Lâkin dünyaya laik temelli bir demokrasi penceresinden bakmakla beraber, elbet de dinin sosyolojik boyutunu gözardı etmem.

Dinsel öbekleşmeleri, seküler dayanışmalar ve sosyalleşmeler ürettikleri oranda faydalı ve meşru bulurum.

Eğer din yeryüzü hayatını, tıpkı Japon Keiretsu’su gibi, ana kraliçe saydıkları o inanç sistemi etrafında örgütleyip bir karınca kolonisi işlevselliğiyle kuracaksa, tabii ki bir mutluluk kaynağı olabilir.

Ama uhrevi hayat bakımından tanrıya karşı yükümlülükler, insanların tek başlarına duyumsayacakları bireysel mahiyetteki sorumluluklardan sayılacağına göre, bu hususların toplumsalın merkezine kondurulmasını da doğru bulmam.

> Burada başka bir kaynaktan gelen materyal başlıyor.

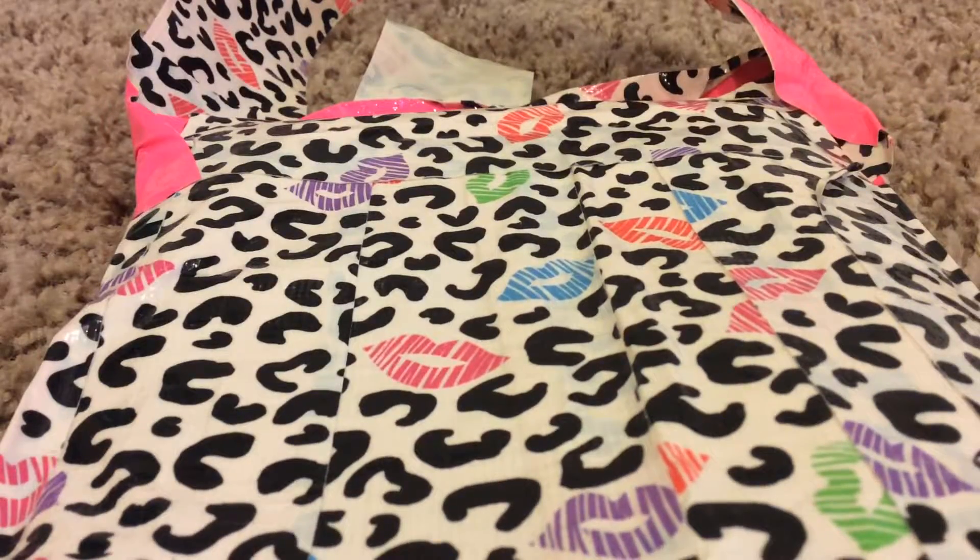But here it is. It is Cheetah print and hot pink. It does have a charger hole so you can charge your iPad mini in here. And the inside is pink with some Cheetah print that helps make sure there's no static in it.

Çünkü dinsel inancın toplumsalı ilgilendirmeyen tarafı, tüm kamusal alana herkesin ortak değeriymiş gibi yerleştirilirse kavga çıkıyor.

Dinin bu hâlini, baskısıyla grup çıkarlarını gözeten bir sivil toplum kuruluşu gibi göremem.

Zira dinin vahye dayalı uhrevi statikliği, dünyevi ihtiyaçların giderilmesine ve değişimin dinamizmlerine ayak uyduramıyor.

Eğer bir de tadı kaçmış şekilde toplumsal yaşamın esas belirleyeni hâline gelmişse, kendi değişmez umdelerini dayatmak üzere, aynen bir otomobilin aktarma organı gibi, toplumsal yapının tekerleklerini döndüren siyaset sahasını da ele geçirmeye başlıyor.

Bütün Ortadoğu, yüzlerce yıldır din dayatmalarıyla çalkalanıp durmakta, ne ki gene de bir ders çıkartamamakta.

Bu yüzden buraların din eksenli kültürleri, barış ve demokrasi üretemiyor.

Başbakan’ın gözlerini iktidar hırsı bürüdüğünden, ne söylesek söyleyelim, boşuna!

Hatta Kılıçdaroğlu bile, “bir Alevi başbakanınız olsa ne iyi olurdu” diyerek, bu kervana katılmaya o da dünden razı.

Çünkü din, her derde deva bir fenomen olarak epeyi prim yapıyor.

Buna sebep olanlardan biri de sizsiniz.

Şu sıralar size büyük önem veriyorlar. O nedenle sorumluluğunuz bir hayli fazla.